Host: Jason Calacanis
Date: April 9, 2026
Main Theme:
The hosts and guests react to Anthropic’s bombshell announcement: their new AI model, Mythos, is so powerful—and so adept at finding and exploiting software vulnerabilities—that they consider it a potential "cyber-weapon." Anthropic is not publicly releasing it, and is partnering only with the largest and most critical infrastructure players to use Mythos defensively and harden digital infrastructure. This kicks off a wide ranging and at times urgent conversation about AI security, AGI trajectory, open source vs proprietary models, deflationary tech, startup opportunities, and the existential stakes of the global AI arms race.
[00:00–08:53]
“Basically the gist is with this model anyone can go to any piece of software and find zero day exploits quickly and then basically go to war with them.” —Alex, [01:33]
“Obviously, capabilities in a model like this could do harm if in the wrong hands. And so we won't be releasing this model widely.” —Anthropic team in video, [08:13]
[09:59–14:22]
“I think Anthropic has significantly passed OpenAI on a lot of things. The reason is they’ve been more focused.” —Rob May, [12:00]
“Product market fit is the ultimate arbiter... Clearly no one has more PMF than Anthropic today.” —Alex, [14:22]
[17:35–29:59]
“This is a super weapon.” —Jason, [26:43]
“I think we should consider this Mythos model to be essentially a cyber weapon and perhaps a cyber weapon of mass destruction.” —Alex, [21:11]
“There is an argument you have to nationalize this technology. There’s an argument it’s too powerful for a private company to own.” —Jason, [24:21]
[27:37–29:40]
“Nobody trusts anybody because we’re in literally ‘The X Files’... The truth is out there.” —Jason, [27:52]
[38:28–58:30]
“Building a business in this AI future is going to be about estimating probabilities…using your compute to figure out code generation versus code checking.” —Rob, [18:03]
“I think this could collapse the value of frontier models…they may not realize it, but they might have just created their own demise.” —Jason, [56:22]
[64:15–71:13]
“If you’re doing hardware, we don't have physical models yet. Now, hard means moat, highly fundable.
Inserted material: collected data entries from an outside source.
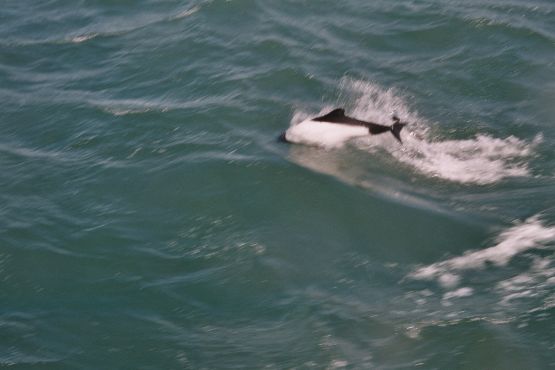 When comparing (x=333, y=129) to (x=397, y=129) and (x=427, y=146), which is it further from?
(x=427, y=146)

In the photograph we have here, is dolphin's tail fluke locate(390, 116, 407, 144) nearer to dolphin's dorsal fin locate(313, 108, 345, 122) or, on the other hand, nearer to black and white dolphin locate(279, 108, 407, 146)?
black and white dolphin locate(279, 108, 407, 146)

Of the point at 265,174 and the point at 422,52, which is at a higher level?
the point at 422,52

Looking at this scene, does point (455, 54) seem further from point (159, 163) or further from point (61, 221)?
point (61, 221)

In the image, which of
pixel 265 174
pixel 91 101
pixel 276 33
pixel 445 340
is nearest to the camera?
pixel 445 340

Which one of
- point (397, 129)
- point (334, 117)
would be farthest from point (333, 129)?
point (397, 129)

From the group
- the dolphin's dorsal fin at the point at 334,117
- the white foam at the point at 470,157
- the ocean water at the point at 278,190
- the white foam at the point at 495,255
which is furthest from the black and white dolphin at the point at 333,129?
the white foam at the point at 495,255

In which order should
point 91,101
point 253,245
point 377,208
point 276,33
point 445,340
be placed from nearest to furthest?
point 445,340 < point 253,245 < point 377,208 < point 91,101 < point 276,33

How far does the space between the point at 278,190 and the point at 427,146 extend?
2835 mm

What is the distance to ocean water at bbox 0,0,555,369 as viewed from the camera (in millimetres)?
10281

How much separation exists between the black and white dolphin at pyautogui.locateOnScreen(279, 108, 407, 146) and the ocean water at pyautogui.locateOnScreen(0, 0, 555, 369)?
121 millimetres

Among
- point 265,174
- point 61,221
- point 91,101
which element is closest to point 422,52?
point 265,174

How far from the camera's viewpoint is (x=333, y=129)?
46.8ft

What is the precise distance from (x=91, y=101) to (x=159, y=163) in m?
3.26

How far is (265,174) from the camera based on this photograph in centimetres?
1377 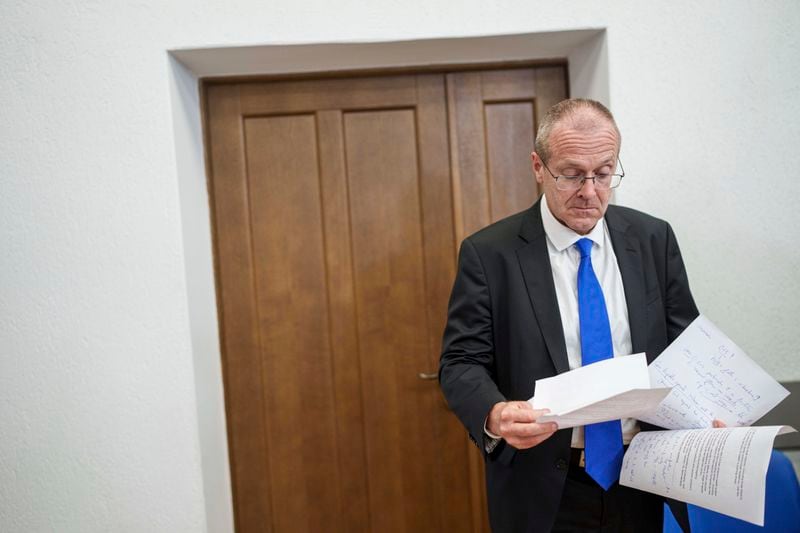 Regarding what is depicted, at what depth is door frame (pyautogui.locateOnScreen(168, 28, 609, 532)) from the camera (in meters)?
2.21

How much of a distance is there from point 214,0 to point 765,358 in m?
2.19


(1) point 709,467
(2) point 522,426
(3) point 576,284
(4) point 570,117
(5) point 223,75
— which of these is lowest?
(1) point 709,467

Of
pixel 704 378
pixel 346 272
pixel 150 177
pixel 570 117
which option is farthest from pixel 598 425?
pixel 150 177

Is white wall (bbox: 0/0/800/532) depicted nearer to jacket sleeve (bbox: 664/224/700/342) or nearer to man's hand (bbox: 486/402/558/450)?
jacket sleeve (bbox: 664/224/700/342)

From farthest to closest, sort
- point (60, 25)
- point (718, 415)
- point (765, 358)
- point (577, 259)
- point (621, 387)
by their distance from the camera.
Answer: point (765, 358) < point (60, 25) < point (577, 259) < point (718, 415) < point (621, 387)

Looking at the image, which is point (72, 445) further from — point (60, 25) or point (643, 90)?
point (643, 90)

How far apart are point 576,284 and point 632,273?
14 cm

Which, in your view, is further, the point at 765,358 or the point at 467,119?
the point at 467,119

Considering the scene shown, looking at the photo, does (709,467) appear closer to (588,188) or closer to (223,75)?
(588,188)

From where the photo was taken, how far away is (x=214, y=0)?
2.13 meters

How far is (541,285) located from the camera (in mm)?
1603

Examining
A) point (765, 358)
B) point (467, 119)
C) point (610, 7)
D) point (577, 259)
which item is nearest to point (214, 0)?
point (467, 119)

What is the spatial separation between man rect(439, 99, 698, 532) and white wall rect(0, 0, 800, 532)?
648 mm

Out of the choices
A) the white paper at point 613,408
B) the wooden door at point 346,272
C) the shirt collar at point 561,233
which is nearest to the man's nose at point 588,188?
the shirt collar at point 561,233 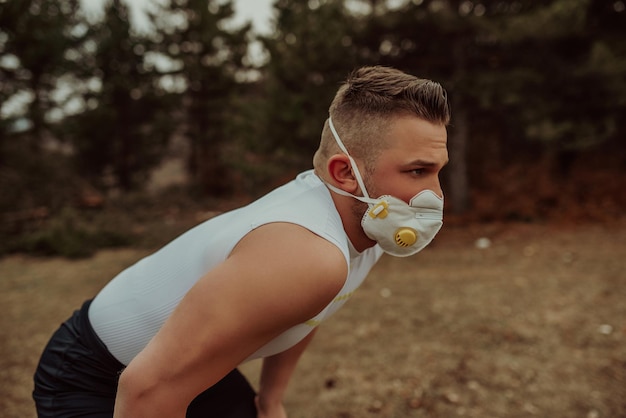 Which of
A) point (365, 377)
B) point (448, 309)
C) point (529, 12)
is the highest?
point (529, 12)

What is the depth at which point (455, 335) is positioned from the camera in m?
4.79

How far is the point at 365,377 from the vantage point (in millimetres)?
4121

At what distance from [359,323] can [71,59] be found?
14.1 m

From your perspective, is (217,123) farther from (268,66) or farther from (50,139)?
(268,66)

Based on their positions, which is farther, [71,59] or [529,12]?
[71,59]

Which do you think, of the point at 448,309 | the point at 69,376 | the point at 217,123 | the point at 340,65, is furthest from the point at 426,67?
the point at 217,123

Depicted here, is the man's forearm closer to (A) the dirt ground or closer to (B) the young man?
(B) the young man

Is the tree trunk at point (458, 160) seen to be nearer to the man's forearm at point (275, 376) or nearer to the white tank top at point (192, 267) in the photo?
the man's forearm at point (275, 376)

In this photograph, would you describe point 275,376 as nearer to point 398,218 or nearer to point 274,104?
point 398,218

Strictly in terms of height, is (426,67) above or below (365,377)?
above

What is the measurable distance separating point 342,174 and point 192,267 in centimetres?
59

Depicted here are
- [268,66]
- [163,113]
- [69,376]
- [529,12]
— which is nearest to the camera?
[69,376]

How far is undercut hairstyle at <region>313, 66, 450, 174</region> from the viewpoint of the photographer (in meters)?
1.46

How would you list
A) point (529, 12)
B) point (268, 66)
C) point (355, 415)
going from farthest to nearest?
point (268, 66) < point (529, 12) < point (355, 415) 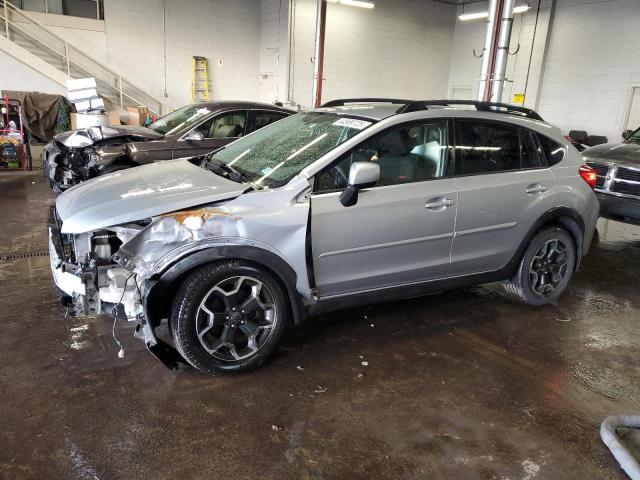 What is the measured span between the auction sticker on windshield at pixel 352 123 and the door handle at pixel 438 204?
0.68 m

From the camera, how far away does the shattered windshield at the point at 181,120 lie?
7023mm

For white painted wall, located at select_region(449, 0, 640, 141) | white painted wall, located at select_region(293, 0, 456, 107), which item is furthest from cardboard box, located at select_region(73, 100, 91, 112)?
white painted wall, located at select_region(449, 0, 640, 141)

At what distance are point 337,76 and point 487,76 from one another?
859cm

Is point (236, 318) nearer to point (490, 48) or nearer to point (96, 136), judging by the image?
point (96, 136)

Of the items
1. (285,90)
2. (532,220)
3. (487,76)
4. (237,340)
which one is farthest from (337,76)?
(237,340)

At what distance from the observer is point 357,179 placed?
2.89 meters

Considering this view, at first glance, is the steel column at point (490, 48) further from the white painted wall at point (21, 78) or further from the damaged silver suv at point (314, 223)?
the white painted wall at point (21, 78)

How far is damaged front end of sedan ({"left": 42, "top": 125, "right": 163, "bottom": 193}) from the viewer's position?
6336 millimetres

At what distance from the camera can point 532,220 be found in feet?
12.6

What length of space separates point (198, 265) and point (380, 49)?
1462 cm

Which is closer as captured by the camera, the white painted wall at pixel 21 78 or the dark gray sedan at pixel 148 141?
the dark gray sedan at pixel 148 141

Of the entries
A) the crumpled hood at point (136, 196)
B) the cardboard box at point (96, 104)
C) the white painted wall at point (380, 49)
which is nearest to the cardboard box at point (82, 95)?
the cardboard box at point (96, 104)

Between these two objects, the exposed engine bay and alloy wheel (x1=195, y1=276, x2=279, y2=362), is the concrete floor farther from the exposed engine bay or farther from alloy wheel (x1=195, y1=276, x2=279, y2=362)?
the exposed engine bay

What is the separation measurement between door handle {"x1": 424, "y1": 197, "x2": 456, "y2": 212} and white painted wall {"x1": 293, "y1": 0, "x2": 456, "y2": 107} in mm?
11567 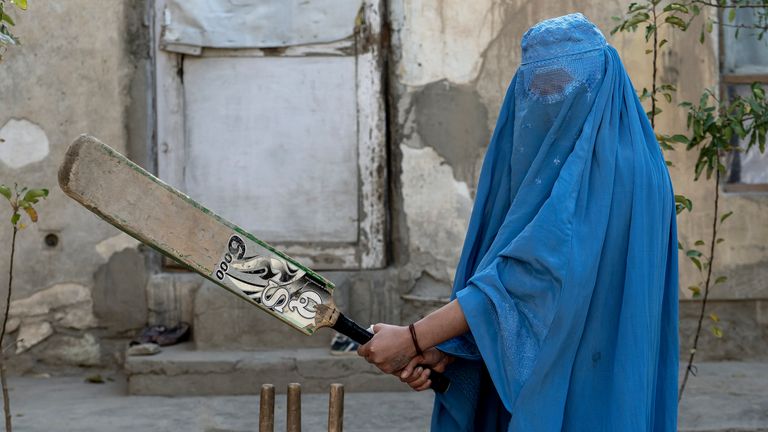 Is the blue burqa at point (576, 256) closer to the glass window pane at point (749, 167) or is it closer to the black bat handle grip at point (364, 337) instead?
the black bat handle grip at point (364, 337)

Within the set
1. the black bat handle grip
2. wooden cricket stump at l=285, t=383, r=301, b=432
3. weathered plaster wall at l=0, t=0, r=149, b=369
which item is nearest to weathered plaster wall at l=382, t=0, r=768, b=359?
weathered plaster wall at l=0, t=0, r=149, b=369

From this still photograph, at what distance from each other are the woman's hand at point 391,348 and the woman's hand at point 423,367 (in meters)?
0.02

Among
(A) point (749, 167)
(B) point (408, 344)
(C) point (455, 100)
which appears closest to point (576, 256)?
(B) point (408, 344)

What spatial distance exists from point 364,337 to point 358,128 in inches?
132

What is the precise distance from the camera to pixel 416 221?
5703 mm

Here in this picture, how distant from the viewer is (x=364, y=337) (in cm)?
255

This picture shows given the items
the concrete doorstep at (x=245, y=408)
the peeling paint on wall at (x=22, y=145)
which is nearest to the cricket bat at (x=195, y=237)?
the concrete doorstep at (x=245, y=408)

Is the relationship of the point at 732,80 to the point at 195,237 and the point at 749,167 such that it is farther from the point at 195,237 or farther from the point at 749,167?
the point at 195,237

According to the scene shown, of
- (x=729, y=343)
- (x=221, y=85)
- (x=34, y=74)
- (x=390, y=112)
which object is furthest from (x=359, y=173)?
(x=729, y=343)

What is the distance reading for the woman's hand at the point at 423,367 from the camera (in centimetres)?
247

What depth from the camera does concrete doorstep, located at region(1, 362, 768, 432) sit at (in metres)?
4.75

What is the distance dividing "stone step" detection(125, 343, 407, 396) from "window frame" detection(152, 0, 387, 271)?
66cm

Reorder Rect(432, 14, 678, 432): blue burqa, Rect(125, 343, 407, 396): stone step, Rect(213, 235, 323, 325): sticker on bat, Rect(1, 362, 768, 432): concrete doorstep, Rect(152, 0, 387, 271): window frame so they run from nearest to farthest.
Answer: Rect(432, 14, 678, 432): blue burqa → Rect(213, 235, 323, 325): sticker on bat → Rect(1, 362, 768, 432): concrete doorstep → Rect(125, 343, 407, 396): stone step → Rect(152, 0, 387, 271): window frame

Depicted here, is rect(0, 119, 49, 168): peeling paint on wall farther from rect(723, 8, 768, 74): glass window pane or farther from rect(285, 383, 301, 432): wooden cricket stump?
rect(723, 8, 768, 74): glass window pane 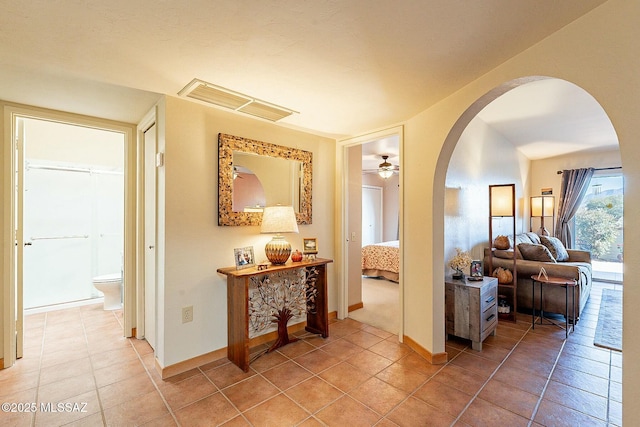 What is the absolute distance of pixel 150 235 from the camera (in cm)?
273

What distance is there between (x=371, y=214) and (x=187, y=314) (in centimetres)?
649

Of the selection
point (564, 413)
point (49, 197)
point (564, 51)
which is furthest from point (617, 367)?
point (49, 197)

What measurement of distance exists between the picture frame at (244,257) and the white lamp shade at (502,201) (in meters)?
3.05

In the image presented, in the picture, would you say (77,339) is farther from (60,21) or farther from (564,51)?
(564,51)

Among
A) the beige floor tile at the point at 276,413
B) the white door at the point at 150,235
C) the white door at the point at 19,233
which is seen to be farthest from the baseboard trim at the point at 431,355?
the white door at the point at 19,233

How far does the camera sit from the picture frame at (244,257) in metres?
2.63

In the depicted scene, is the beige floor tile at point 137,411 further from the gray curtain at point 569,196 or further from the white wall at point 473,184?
the gray curtain at point 569,196

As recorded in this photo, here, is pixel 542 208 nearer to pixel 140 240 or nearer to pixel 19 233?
pixel 140 240

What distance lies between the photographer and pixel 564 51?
1.46 m

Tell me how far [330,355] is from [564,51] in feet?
8.90

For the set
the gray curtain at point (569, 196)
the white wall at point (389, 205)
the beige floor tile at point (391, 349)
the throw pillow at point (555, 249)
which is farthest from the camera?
the white wall at point (389, 205)

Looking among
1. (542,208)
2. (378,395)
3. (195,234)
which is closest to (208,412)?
(378,395)

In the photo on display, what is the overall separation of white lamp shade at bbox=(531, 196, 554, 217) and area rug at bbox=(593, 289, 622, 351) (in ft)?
5.82

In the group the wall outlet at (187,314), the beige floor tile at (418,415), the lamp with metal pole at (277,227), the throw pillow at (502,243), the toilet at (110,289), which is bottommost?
the beige floor tile at (418,415)
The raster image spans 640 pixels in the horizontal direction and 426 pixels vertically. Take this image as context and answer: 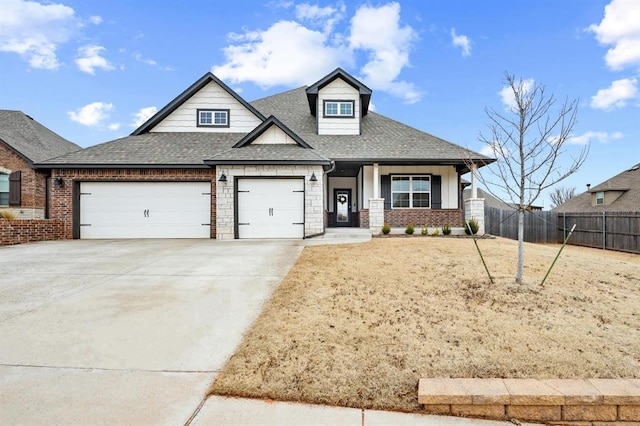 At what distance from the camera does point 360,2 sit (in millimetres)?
12344

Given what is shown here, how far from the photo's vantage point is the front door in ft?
54.8

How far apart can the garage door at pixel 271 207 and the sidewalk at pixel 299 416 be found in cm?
943

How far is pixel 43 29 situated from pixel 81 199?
6644mm

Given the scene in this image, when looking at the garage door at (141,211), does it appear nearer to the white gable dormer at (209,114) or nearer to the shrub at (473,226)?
the white gable dormer at (209,114)

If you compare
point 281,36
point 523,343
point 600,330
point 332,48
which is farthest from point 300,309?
point 332,48

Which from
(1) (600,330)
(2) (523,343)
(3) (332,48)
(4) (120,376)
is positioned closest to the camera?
(4) (120,376)

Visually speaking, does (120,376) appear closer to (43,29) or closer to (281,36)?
(43,29)

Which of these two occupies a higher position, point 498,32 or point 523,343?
point 498,32

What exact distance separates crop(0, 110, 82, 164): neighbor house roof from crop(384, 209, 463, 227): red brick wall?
16331mm

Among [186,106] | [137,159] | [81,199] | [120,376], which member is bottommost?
[120,376]

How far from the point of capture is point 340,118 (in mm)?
15523

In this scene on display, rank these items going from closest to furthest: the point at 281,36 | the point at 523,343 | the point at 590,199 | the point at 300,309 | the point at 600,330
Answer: the point at 523,343 < the point at 600,330 < the point at 300,309 < the point at 281,36 < the point at 590,199

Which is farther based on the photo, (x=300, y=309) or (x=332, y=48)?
(x=332, y=48)

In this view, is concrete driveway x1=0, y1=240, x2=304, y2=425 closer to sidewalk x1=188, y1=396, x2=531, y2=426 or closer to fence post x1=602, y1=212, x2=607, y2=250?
sidewalk x1=188, y1=396, x2=531, y2=426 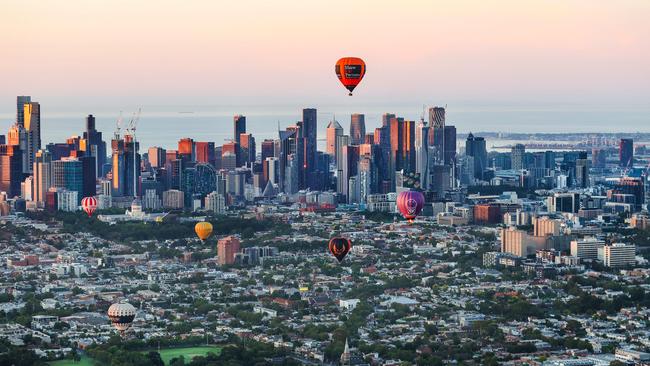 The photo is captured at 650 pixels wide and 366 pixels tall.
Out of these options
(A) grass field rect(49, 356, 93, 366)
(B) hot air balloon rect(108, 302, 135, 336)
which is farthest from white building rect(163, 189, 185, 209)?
(A) grass field rect(49, 356, 93, 366)

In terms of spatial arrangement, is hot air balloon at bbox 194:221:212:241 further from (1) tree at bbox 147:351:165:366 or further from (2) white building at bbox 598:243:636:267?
(1) tree at bbox 147:351:165:366

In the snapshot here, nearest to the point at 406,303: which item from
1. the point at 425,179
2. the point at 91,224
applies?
the point at 91,224

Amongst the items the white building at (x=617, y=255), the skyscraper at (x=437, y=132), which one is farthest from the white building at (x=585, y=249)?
the skyscraper at (x=437, y=132)

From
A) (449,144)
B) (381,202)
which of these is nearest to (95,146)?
(449,144)

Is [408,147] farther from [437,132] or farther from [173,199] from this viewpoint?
[173,199]

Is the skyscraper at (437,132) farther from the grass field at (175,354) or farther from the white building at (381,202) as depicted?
the grass field at (175,354)

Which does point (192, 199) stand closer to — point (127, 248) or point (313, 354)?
point (127, 248) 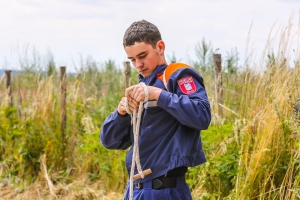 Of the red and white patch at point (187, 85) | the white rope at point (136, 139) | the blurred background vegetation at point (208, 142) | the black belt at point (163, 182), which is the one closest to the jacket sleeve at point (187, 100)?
the red and white patch at point (187, 85)

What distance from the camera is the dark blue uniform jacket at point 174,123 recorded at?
2121 mm

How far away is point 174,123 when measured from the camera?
2271 millimetres

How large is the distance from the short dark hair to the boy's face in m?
0.02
Very interesting.” —Jason, [70:03]
“If you can get replaced, then you score high; if you cannot, then you score low.” —Gyani, [65:19]
[71:46–76:44]
On the existential race for AI security:
“This is becoming the equivalent [of the atomic bomb]. It might not seem as much because a nuclear bomb can cause such a mass destruction of life, but this could cause a massive financial devastation across the economy.” —Jason, [22:04]
On AI model release strategy:
“More powerful models are gonna come from us and from others. And so we do need a plan to respond to this.” —Anthropic team in video, [09:21]
On the impact of SLMs & startup costs:
“If only there was a product called Claw Pack that for $8 a month, got you unlimited inference…” —Alex, [48:50]
On software and company defensibility:
“This is making everybody a little more like a CEO, because as a CEO, you realize you have to review stuff, coordinate stuff...these tools help you do stuff.” —Rob, [71:46]
On the deflationary future:
“This is so deflationary that we need a new word for deflationary. There’s deflationary…what is hyper deflation?” —Jason, [56:39]
The episode is fast-paced, irreverent, and veers between urgent concern (about the real security threat posed by Mythos and the global AI arms race) and optimistic fascination with the business and technical innovation happening at the frontier. The hosts and guests balance serious analysis with typical “TWIST” banter, dense with memorable, sometimes biting quips and a running thread of startup/VC humor.
In this landmark TWIST episode, the discussion zeroes in on AI capabilities outpacing our security infrastructure, the arrival of “cyber-weapons” through LLMs, how C-suites, governments, and startups may react, and the impending deflationary shockwave poised to hit the tech sector as SLMs and open source models threaten to commoditize AI everywhere. For founders, operators, and investors, it’s a call to rethink everything—especially what it means for software to be defensible in a world that’s on the verge of abundant, cheap, and sometimes dangerously powerful intelligence.